Mi madre es la mayor preguntona del universo conocido y de parte del desconocido. Siempre quiere saberlo todo, supongo que porque me echa de menos y se siente un poco culpable por no acompañarme más de cerca en lo que ella llama «la gran aventura de la felicidad». Sin embargo, aquella tarde no me hizo la más mínima pregunta; tenía tantas cosas que contarme ella misma que me evitó tener que inventar alguna que otra mentira.
—¡Acabo de volver de un crucero por el Mediterráneo! —me dijo entusiasmada.
—¿Otro? —le pregunté. Conté mentalmente y, con aquél, sumé cuatro cruceros en total por el Mediterráneo. Desde que le había tocado la lotería por segunda vez vivía como una auténtica reina. Y no es que hubiese ganado dos premios económicos, es que, para mí, cuando dejó a mi padre fue la primera gran lotería que le tocó en la vida: la de las sonrisas y la felicidad.

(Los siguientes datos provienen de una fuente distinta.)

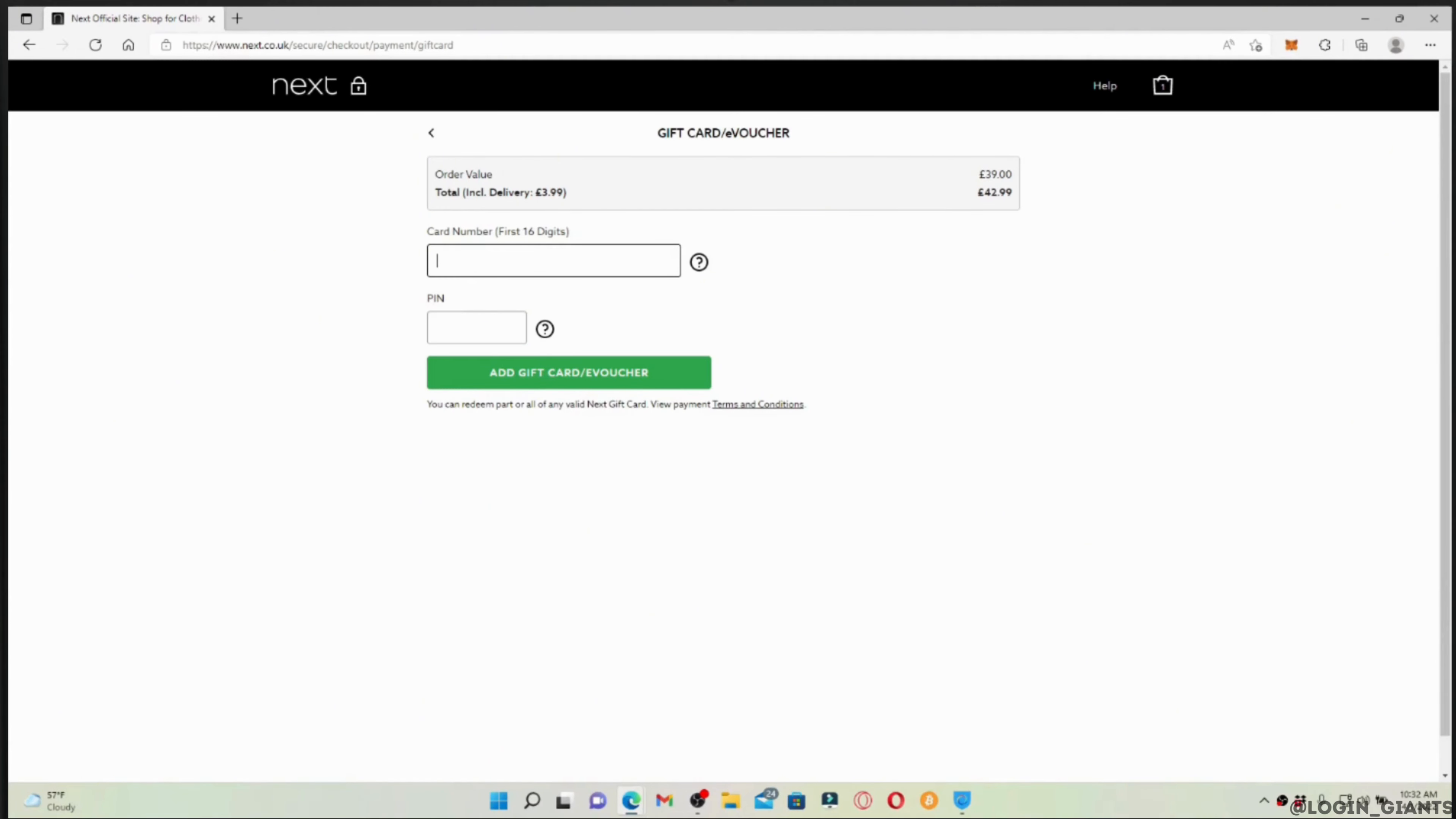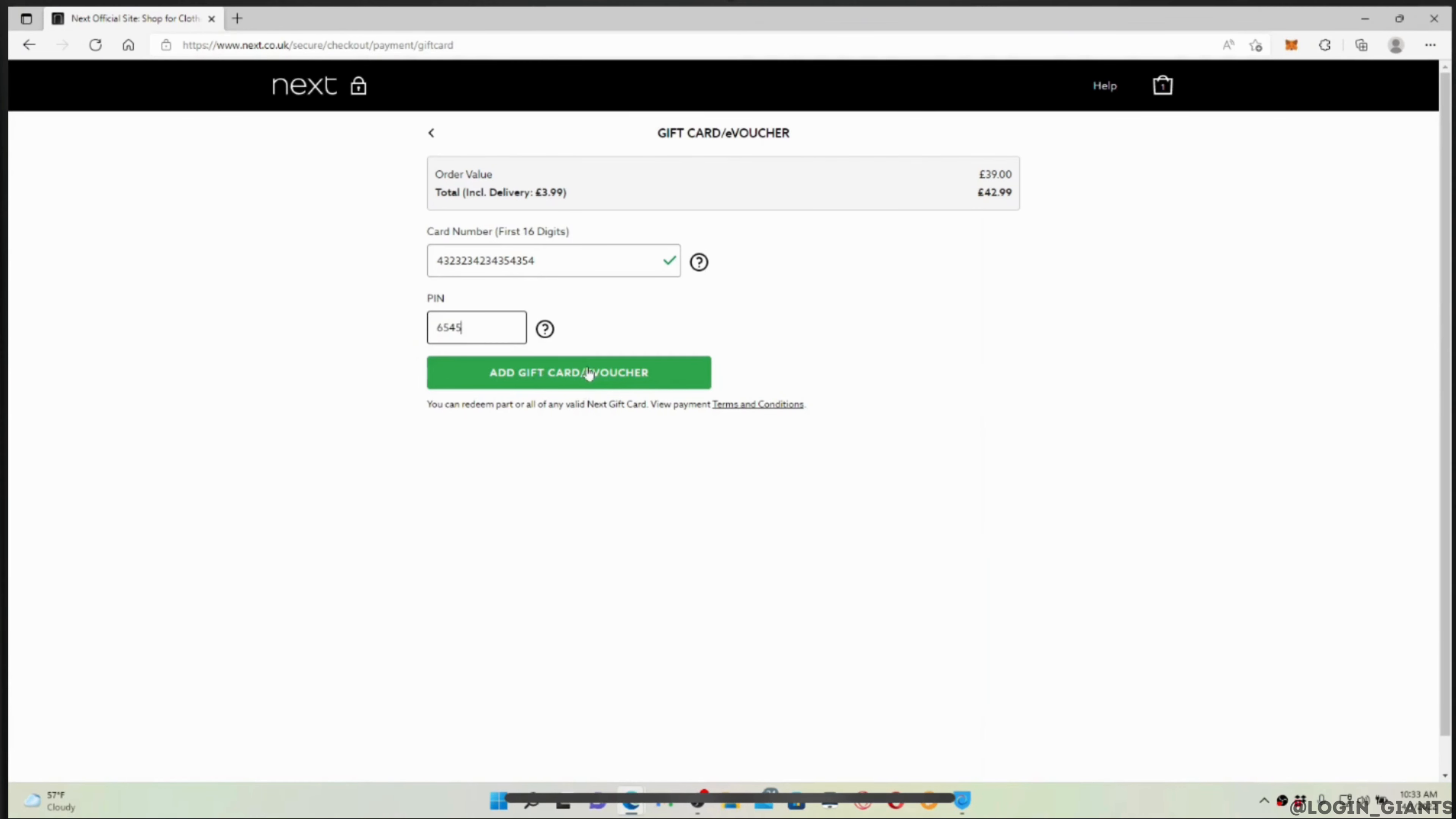All you want to do is enter the card number and the pin. Once you have entered, tap on add gift card and then your gift card will be successfully received and you'll be good to go.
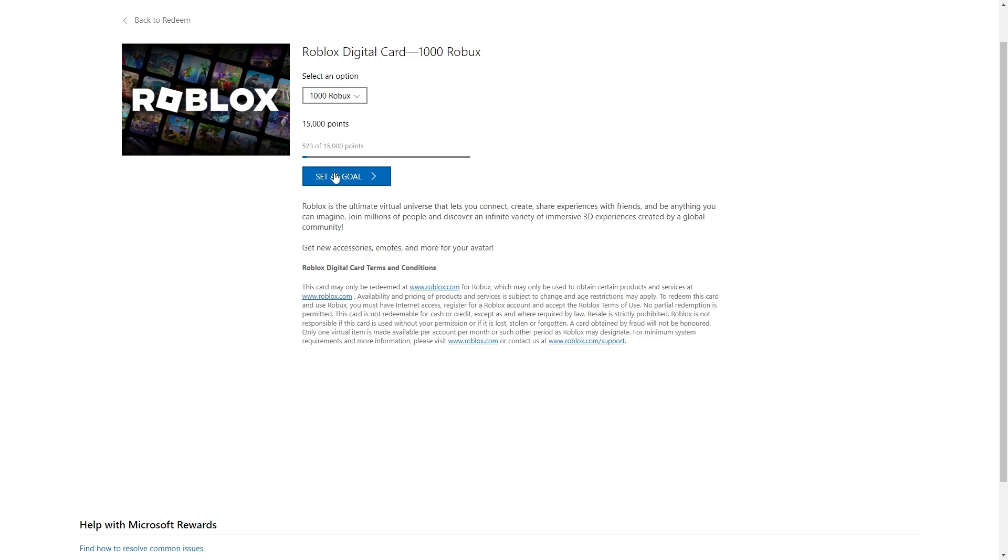So that's how you can redeem a Robux gift card from Microsoft Rewards. I hope you found this video helpful and if you did, please comment down below to say this video helped you out and like and subscribe for more content like this. Thanks for watching.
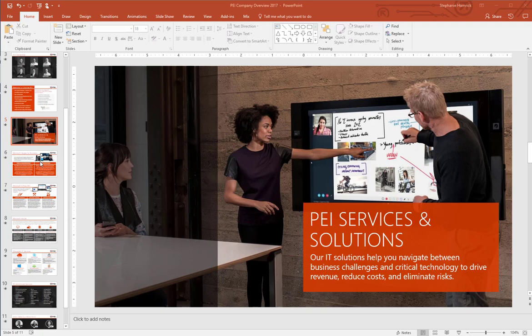All I have to do is click on the thumbnail of the slide I want to reference and drag it into the slide I'm working on.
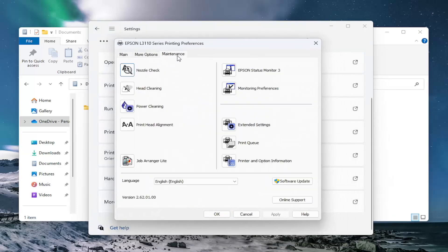Select the Maintenance tab. And now that we're in here, you want to select the Print Queue button.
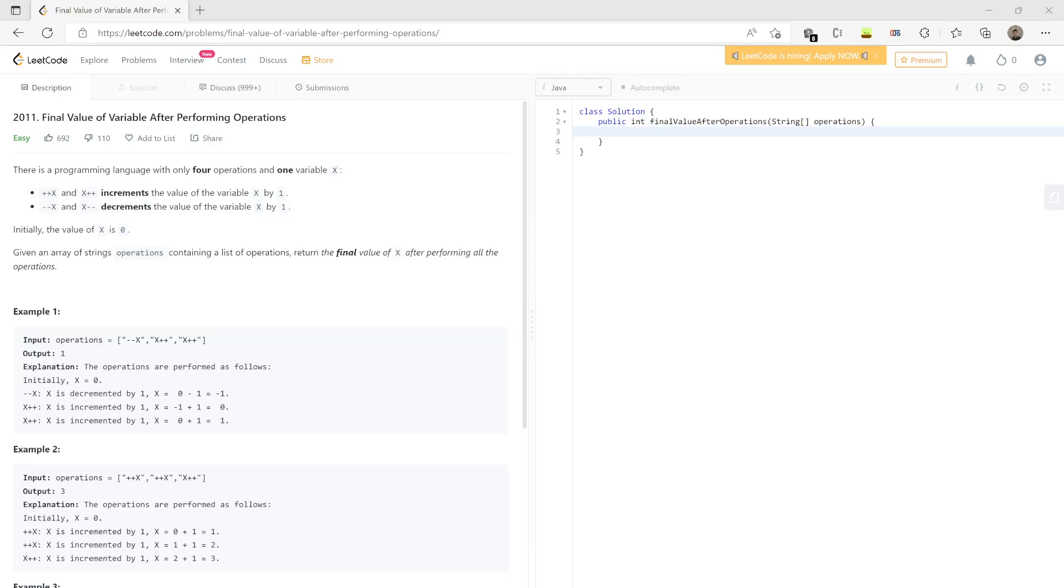Let's consider you have a bank. There are multiple customers coming in and out. Each time they can perform an operation - that operation is either add one dollar to the bank or take one dollar from the bank. Finally, you have to tell what is the amount left with the bank. So we will solve this problem using the metaphor.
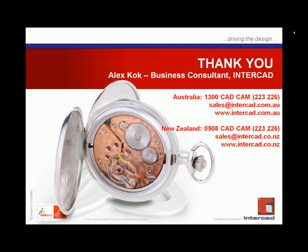I am Alex Kok, Business Consultant, and this has been a SOLIDWORKS Quick Tips Session, proudly brought to you by InterCAD.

—Sí, es que éste era diferente. —Hizo una pausa, y sentí su sonrisa pícara a través del micro del móvil—. ¡Éste era un barco de solteros y separados!
¿Mi madre se había ido a ligar? No me lo podía creer.
—¡No me digas! ¿Y qué tal?
—Pues de maravilla, Ada. El primer día conocí a un cubano la mar de guapo. Hablamos… Paseamos… Bailamos… Nos emborrachamos y…
—¡Para! —La detuve—. Mamá… No necesito saber más.
Le pedí que siguiese contándome lo bien que se lo había pasado, omitiendo ese tipo de detalles. Y, no te lo vas a creer, pero, saltándose «esos» momentos, continuó con su historia del crucero a partir del cuarto día. ¿Pues no es verdad que la frase «De casta le viene al galgo» es real como la vida misma?
Al final del cuarto día se peleó con el cubano (al parecer, sólo era divertido en la cama) y conoció a un cincuentón londinense muy guapo, según ella, también muy atractivo, pero tremendamente tímido.
Y, la verdad, no sé qué concepto tiene mi madre de lo que es un hombre tremendamente tímido, porque de un crucero de ocho días sólo me habló del primero y del cuarto.
—¿Qué pasó con el de Londres, mami? —Sentía mucha curiosidad.
—Pues que fue bonito mientras duró, hija mía —me respondió con toda la naturalidad del mundo—. Unas horas antes de desembarcar, tuve que inventarme que esta española regresaba a casa.
—Pero ¿por qué?
—Porque pretendía que siguiéramos viéndonos —me explicó, como si la intención del pobre y tímido hombre fuese toda una atrocidad—. Ada, lo que ocurre en el barco se queda en el barco —me dijo para cerrar la conversación y se quedó la mar de satisfecha la tía.
—Mamá, que sepas que mi incapacidad para enamorarme es por tu culpa —concluí teatralmente antes de despedirnos.